Hipertèlia aims to illustrate how artistic research plays a decisive role in developing technoscientific knowledge. Understanding technology as culture will help us to shatter the monolithic view of technological development and to accept the coexistence of technodiversities. This process harbors the hope that we will identify our agency and responsibility in the technological and cultural development that is in store for us.





Artificial cognitive systems can be considered technical objects that maintain and self-regulate themselves. Through the constant production and recursion of their own processes, these systems ensure that they remain balanced and evolve. They have their own form of existence that arises from their process of creation and manufacturing. Both life and machines, beings, and objects share the ability to constantly maintain and reproduce their internal processes and their relationship with the external world to sustain their existence.
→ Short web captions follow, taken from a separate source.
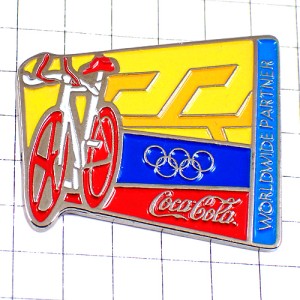 ピンバッジ・自転車レース五輪オリンピック夏季スポンサーコカコーラ ピンバッジ・自転車レース五輪オリンピック夏季スポンサーコカコーラ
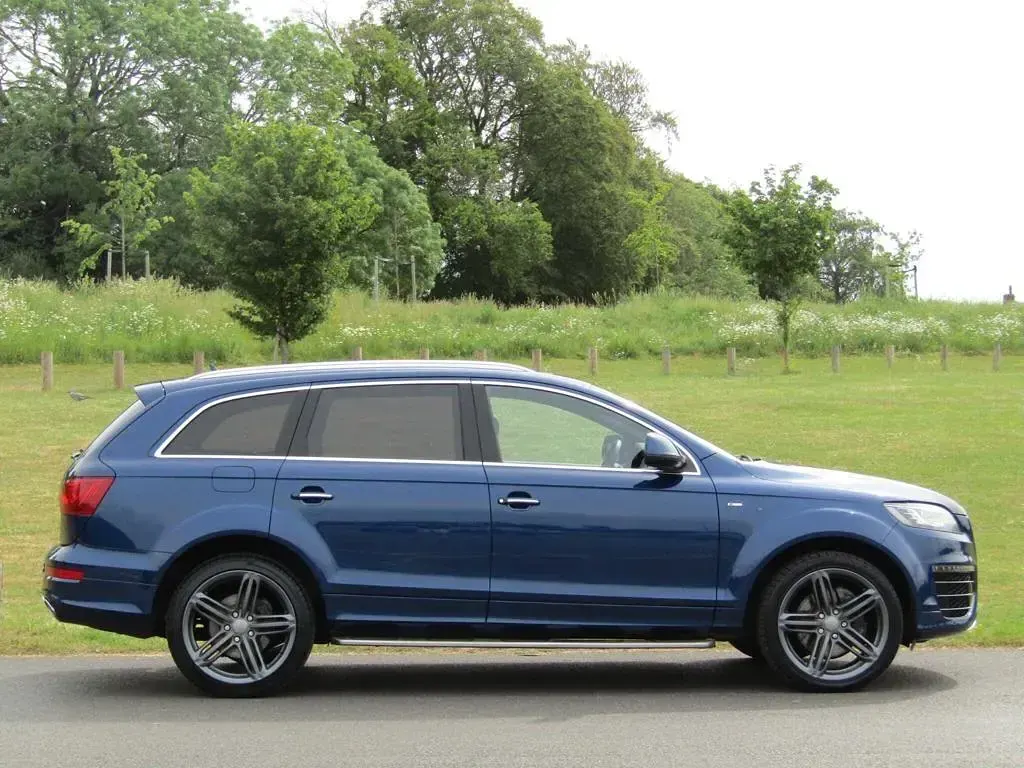 Used Audi Q7 S-Line 2014 Blue SUV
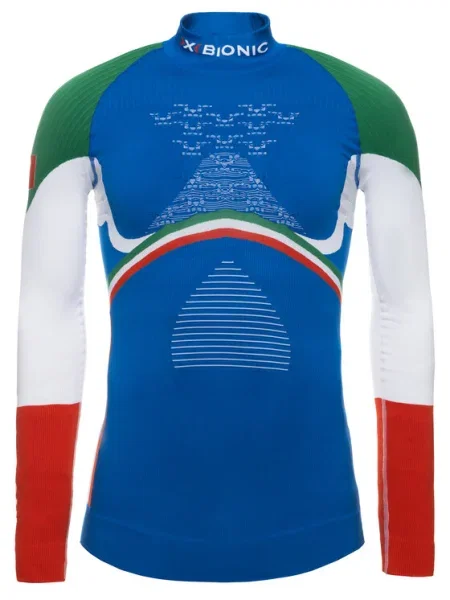 Pánske termo tričko X-Bionic Energy Accumulator Patriot Italy blue modrá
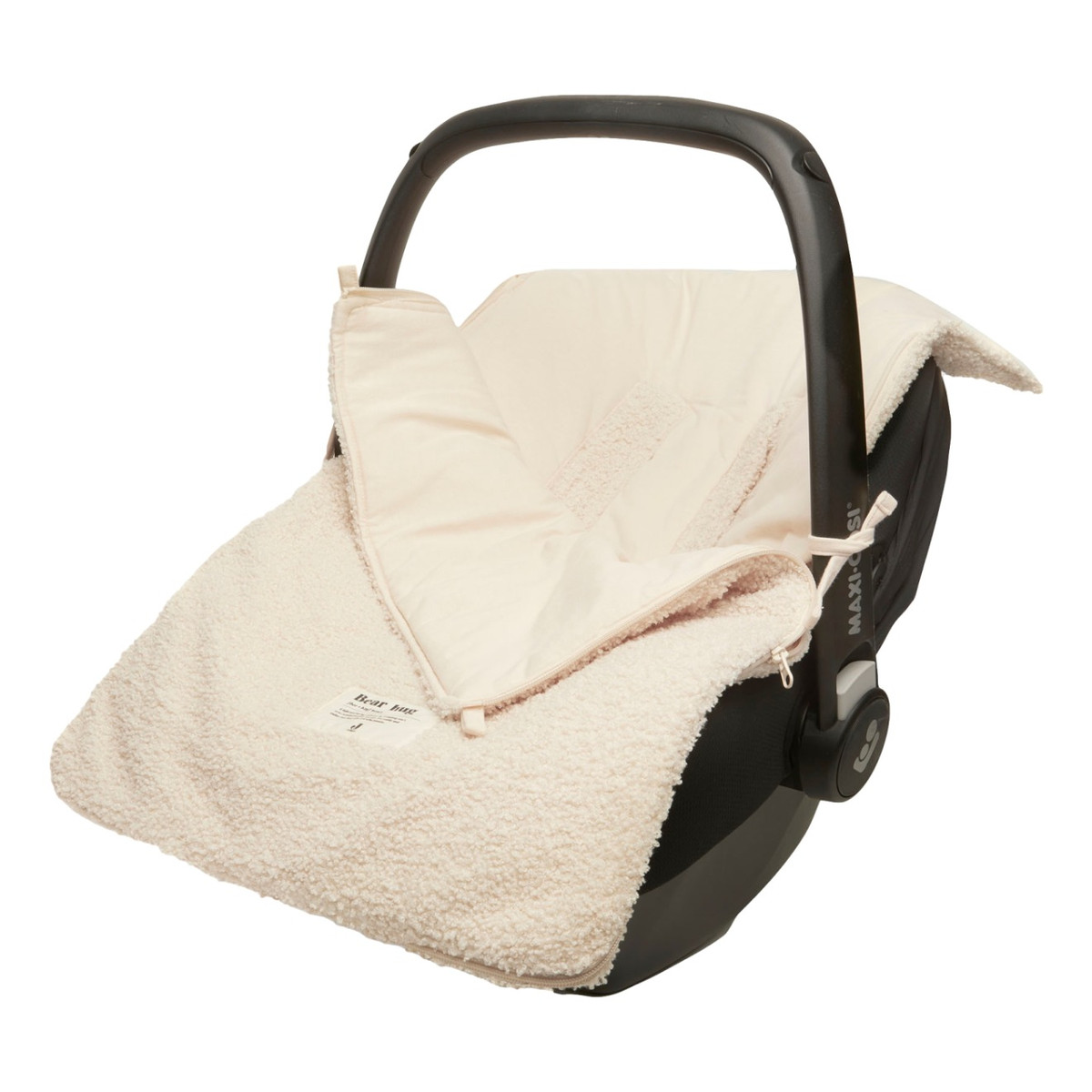 Jollein Boucle Naturel 3/5 punts 0-9 Maanden Autostoel Voetenzak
Cognitive assemblages cohabit the materiality and virtuality of the world with humans, other organic beings, and diverse types of algorithmic systems in different stages of evolution. They belong to a multiple identity, their body is changeable, and their mode of existence does not correspond to that of bioconscious organisms. If we include them as an active part of the world’s configuration, we must consider that multispecies relationships are based on mutual trust. To build this trust, cognitive machines must be able to explain themselves, be accountable for their decisions, and transparent with their intentions.



Recursiveness is an essential process in cognition that enables the construction of complex patterns of thought and learning. Through repetition and feedback, cognitive structures are built and refined to generate new forms of knowledge. This process also facilitates adaptation to new and changing situations. It is not merely a mechanical loop, but a spiral, a reflective and introspective movement to gain a deeper understanding of personal experience and the world. By being aware of our own consciousness, we can analyze, evaluate, and modify our own patterns of thought and behavior.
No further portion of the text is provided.